According to Article 4. One of Law 37/1992, of 28 December, on Value Added Tax (hereinafter, LIVA), “supplies of goods and services carried out within the spatial scope of the tax by businessmen or professionals for consideration, on a regular or occasional basis, in the course of their business or professional activity, even if they are carried out for the benefit of the partners, associates, members or participants of the entities that carry them out, are subject to the aforementioned tax“.
Concept of entrepreneur or professional
Article 5 of the LIVA defines for the purposes of this tax the concept of entrepreneur or professional, indicating that, in particular, lessors of goods shall be considered as such.
Leasing as provision of services
Article 11. Two of the LIVA states that the leasing of goods, industry or business, companies or commercial establishments, with or without an option to purchase, will be considered as the provision of services.

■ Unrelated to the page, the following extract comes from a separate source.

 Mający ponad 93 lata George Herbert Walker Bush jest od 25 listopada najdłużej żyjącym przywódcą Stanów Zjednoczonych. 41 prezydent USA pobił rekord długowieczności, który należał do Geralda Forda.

Non-resident landlord and premises in Spain
All lessors of premises have for VAT purposes the status of businessperson or professional and the leasing of premises located in Spanish territory must be classified as a supply of services subject to VAT, in accordance with the provisions of Article 70.1.1.a) of the LIVA (Special rules for locating the supply of services), which states that:
One. The following services shall be deemed to be provided in the territory of application of the Tax:
1.º Those related to immovable property located in the aforementioned territory.
The problem arises, therefore, when it comes to the payment of VAT by the lessor who is not resident in Spain, how is this done?
In order to resolve this question, it is necessary to refer to article 84 LIVA, which indicates that they will be taxable persons for the tax:
1º Natural or legal persons who are entrepreneurs or professionals and who supply goods or provide services subject to tax, except as provided for in the following numbers.
2º Entrepreneurs or professionals for whom transactions subject to tax are carried out in the cases indicated below:
a) When they are carried out by persons or entities not established in the territory where the tax applies.[…]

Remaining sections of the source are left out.